She also took all of Gardner’s medals and rewards, hung them all over a wall, and told her daughter, “When I’m not here to remind you how great you are every day, you look around and remember why you do this.”

That was a decade ago. The day before Gardner’s Olympic trials began, she received a text from her mom that read, “I lived for this.” Monica Gardner has been able to experience the highs and the lows of Gardner’s young career, which included an anterior cruciate ligament tear suffered during a powder-puff football game in high school and a disappointing seventh-place finish at the 2012 U.S. trials.
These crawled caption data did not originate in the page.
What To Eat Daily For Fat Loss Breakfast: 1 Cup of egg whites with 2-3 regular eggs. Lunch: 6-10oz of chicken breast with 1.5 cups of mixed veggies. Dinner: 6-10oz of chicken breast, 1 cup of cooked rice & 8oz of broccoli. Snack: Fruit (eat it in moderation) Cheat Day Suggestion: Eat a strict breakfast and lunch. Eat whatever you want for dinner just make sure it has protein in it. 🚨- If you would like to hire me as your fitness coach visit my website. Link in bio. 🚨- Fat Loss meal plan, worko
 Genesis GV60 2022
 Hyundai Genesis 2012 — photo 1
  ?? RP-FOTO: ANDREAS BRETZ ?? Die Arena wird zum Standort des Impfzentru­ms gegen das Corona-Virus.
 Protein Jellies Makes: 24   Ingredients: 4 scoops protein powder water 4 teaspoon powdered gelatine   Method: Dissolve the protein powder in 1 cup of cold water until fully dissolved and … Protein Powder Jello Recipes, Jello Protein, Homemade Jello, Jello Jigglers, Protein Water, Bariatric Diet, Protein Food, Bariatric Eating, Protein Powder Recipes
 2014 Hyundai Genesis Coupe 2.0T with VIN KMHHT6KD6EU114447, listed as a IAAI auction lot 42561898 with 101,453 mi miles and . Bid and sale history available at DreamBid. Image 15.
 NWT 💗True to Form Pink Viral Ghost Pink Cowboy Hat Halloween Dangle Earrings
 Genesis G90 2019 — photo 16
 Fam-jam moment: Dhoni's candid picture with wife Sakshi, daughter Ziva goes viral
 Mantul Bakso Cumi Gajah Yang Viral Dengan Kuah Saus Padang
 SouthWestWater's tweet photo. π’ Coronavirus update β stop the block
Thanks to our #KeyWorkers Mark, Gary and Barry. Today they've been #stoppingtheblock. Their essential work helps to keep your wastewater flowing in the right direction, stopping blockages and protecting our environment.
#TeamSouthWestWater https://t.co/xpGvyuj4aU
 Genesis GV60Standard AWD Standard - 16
She also saw Gardner win five NCAA championships at the University of Oregon and blossom into one of the best young sprinters in the world. All of it by design.

“A lot of people say, ‘I want this or that,’ but when they realize how hard it is, they shy away from the work,” said Robert Johnson, the Oregon track and field coach. “Not her. She has a competitive spirit and fire like no other.”

Johnson says if anything, Gardner sets the bar too high at times.

“She has an unwavering and undying belief in her ability, and you want to nurture that,” he said. “But she would talk about running 10.9 or 10.8, and I’d say, ‘Slow down. Let’s just focus on a PR. One step at a time.’”

Gardner can’t help herself. That’s not her nature. Never has been. She always has known what lies beyond the finish line, even if others can’t quite see it yet.

“I was taught to speak things into existence,” Gardner said. “There’s life and death in the power of your tongue. You’re the controller or your fate, and life is about choices. So I always choose to put that positive energy out there.”